OWASP Top 10 Privacy Risks – use these best practices to protect your clients

OWASP security rankings such as…

• OWASP Top 10 API,
• OWASP Top 10 web application vulnerabilities,
• or OWASP Top 10 mobile

bring tons of valuable up-to-date insights on how to protect your software from security threats.

What is the OWASP Top 10 Privacy Risks ranking?

The OWASP Top 10 Privacy Risks 2021 is less well-known than the rankings I mentioned before but just as important and useful. The privacy issues it lists include both technological and organizational aspects of web applications. It focuses on real threats rather than just legal matters.

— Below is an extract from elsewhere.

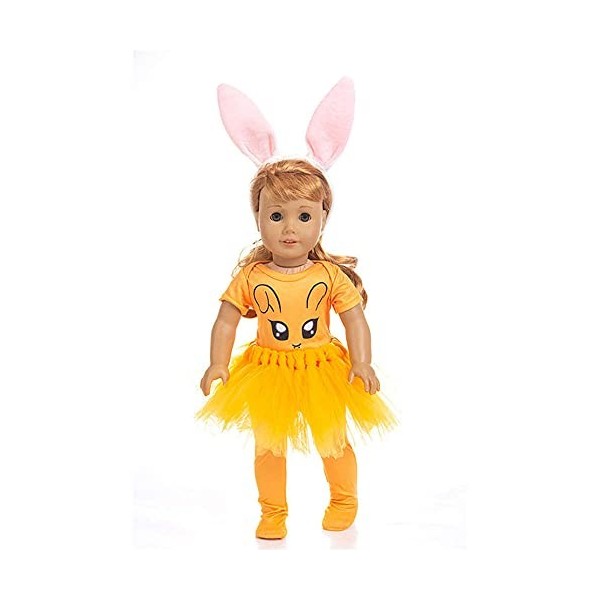 GIVBRO Vêtements de poupée Halloween pour poupée de 45,7 cm, t-shirt, legging jupe tullée et coiffe, accessoires de jouets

Naturally, it also provides advice on how to prevent or overcome these threats based on the OECD Privacy Guidelines. As such, you can use it for data privacy risk assessment in web development.

Top 10 Privacy Risks 2014

The original ranking hit the digital shelves in 2014, but so many new tools and techniques have shown up ever since. The General Data Protection Regulation act also played a part in making the original ranking somewhat obsolete.

Just for a reminder, the threats were as follows:

1. Web Application Vulnerabilities
2. Operator-sided Data Leakage
3. Insufficient Data Breach Response
4. Insufficient Deletion of User Data
5. Non-Transparent Policies, Terms, and Conditions
6. Collection of Data Not Required for the User-Consented Purpose
7. Sharing of data with third party
8. Outdated personal data
9. Missing of Insufficient Session Expiration
10. Insecure Data Transfer

How did the list change over all of those years? Let’s not waste any more time and delve right into it!

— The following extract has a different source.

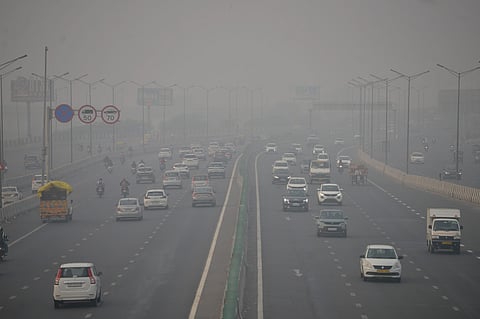 Thick layer of smog enveloping national capital on Thursday morning.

#1 Web Application Vulnerabilities

⏱️ Frequency: High,
🤜 Impact: Very high,
🔎 Type: Organizational

This privacy risk is a clear shout-out to the OWASP Top 10 web app vulnerabilities list. It’s all about how you design your web app and whether you are able to respond immediately to any possible issues that may result in data privacy breaches.

In order to do that, you need to:

• perform penetration tests,
• do regular vulnerability and privacy checkups with tools such as Static Application Security Testing (SAST), Interactive Application Security Testing (IAST), or Dynamic Application Security Testing (DAST),
• implement appropriate counter-measures,
• educate programmers and architects on web development security,
• introduce safe processes such as Security Development Lifecycle (SDL) and DevSecOps,
• patch up your app according to the needs and industry best practices.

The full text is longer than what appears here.